GOVERNORS who draw up admissions policies for the 2111 Church of England voluntary aided schools are to be told that where there are quotas for children from church families, places should be allocated only on attendance at church.
Giving extra points to parents who undertake extra duties, such as church-cleaning or bell-ringing, could discriminate against families where both parents work outside the home, new advice on admissions from the Board of Education says.
The guidance, to be launched at the General Synod next week, restates C of E schools’ historic mission to the poor, and says that their admissions policies should demonstrate their commitment to the wider community as well as to church families.

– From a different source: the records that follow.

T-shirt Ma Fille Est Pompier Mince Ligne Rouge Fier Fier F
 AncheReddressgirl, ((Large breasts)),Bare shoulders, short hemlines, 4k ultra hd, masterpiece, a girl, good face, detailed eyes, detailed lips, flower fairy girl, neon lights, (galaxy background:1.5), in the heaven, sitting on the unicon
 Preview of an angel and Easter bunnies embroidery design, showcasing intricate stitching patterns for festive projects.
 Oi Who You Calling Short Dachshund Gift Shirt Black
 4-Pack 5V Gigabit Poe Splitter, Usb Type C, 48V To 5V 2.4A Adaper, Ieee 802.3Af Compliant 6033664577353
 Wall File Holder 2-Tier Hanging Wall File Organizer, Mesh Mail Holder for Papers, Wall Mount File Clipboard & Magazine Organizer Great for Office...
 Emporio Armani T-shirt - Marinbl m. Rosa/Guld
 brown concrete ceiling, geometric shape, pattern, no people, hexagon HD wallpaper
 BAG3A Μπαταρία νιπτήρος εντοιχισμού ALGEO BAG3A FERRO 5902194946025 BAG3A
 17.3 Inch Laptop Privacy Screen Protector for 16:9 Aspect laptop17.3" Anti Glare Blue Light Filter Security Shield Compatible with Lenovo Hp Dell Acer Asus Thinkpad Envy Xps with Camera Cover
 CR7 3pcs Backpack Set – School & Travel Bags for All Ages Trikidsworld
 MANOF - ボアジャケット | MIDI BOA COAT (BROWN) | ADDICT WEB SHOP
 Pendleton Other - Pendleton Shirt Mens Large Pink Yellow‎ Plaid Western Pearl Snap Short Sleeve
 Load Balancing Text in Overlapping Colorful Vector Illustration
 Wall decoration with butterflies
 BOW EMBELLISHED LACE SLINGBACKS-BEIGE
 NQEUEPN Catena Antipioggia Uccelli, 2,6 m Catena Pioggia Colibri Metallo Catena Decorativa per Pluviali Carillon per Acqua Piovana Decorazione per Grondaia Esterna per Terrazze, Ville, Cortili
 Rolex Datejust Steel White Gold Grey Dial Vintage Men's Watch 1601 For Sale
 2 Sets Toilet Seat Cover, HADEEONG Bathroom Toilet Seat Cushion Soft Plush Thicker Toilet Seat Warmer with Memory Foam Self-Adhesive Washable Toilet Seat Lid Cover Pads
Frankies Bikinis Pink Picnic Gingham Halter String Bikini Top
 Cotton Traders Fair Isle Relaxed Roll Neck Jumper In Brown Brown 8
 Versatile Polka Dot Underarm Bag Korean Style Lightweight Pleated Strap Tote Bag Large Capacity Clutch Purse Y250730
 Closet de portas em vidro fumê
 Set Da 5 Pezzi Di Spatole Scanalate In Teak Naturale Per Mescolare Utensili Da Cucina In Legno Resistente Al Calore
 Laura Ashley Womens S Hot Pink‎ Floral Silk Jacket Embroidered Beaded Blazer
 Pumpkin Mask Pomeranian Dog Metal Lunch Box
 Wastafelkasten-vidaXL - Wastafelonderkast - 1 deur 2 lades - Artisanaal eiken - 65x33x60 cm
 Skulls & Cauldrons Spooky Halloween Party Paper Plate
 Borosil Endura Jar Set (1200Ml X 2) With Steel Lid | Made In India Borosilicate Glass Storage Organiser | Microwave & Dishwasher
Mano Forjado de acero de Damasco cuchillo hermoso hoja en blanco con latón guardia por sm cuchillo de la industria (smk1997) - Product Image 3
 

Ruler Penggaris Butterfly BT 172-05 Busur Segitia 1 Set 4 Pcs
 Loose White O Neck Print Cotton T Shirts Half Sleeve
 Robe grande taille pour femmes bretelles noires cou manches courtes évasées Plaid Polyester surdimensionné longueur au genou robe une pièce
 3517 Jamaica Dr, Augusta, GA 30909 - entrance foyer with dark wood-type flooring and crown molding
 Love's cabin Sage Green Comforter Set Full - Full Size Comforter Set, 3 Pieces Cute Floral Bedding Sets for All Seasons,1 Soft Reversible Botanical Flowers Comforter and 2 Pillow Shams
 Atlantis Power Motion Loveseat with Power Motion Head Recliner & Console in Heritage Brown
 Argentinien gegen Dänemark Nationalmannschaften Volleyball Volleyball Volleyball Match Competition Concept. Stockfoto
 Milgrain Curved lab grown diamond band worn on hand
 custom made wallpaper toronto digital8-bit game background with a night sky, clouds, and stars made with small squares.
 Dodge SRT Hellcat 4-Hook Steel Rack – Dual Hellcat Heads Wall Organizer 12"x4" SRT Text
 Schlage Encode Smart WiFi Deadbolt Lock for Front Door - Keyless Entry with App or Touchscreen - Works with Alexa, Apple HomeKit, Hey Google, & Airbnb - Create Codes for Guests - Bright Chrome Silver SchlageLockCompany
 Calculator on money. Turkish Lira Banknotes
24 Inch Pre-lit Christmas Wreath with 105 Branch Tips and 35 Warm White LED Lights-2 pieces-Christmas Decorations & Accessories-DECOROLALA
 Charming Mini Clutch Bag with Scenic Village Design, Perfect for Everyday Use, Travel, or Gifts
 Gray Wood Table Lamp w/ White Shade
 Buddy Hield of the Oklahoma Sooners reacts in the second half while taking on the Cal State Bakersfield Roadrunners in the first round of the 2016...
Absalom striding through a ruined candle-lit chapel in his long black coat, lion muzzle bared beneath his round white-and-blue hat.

“The guidelines give advice on how to juggle the dual responsibility,” a statement from the chairman of the Board of Education, the Bishop of Oxford, the Rt Revd John Pritchard, says.
His statement points out, however, that admissions criteria come into play only in the small minority of schools that are oversubscribed. “Open places are now the norm in most church schools, including the newer ones.”
A report accompanying the new advice shows that 2508 voluntary controlled schools — more than half of all church schools — follow local-authority admissions procedures; so all places are entirely open. This is also true of most aided schools that draw up their own admissions policies. Almost all the 1950 aided primary schools have open admis-sions; only a few, heavily oversubscribed schools, mainly in London, maintained a significant number of foundation places, the report says
Of the 160 aided secondary schools, 100 of which have many more applicants than places available, only a tiny minority — 11 — admit all pupils according to church criteria. In nearly two-thirds of them, more than half the places were offered on an open basis.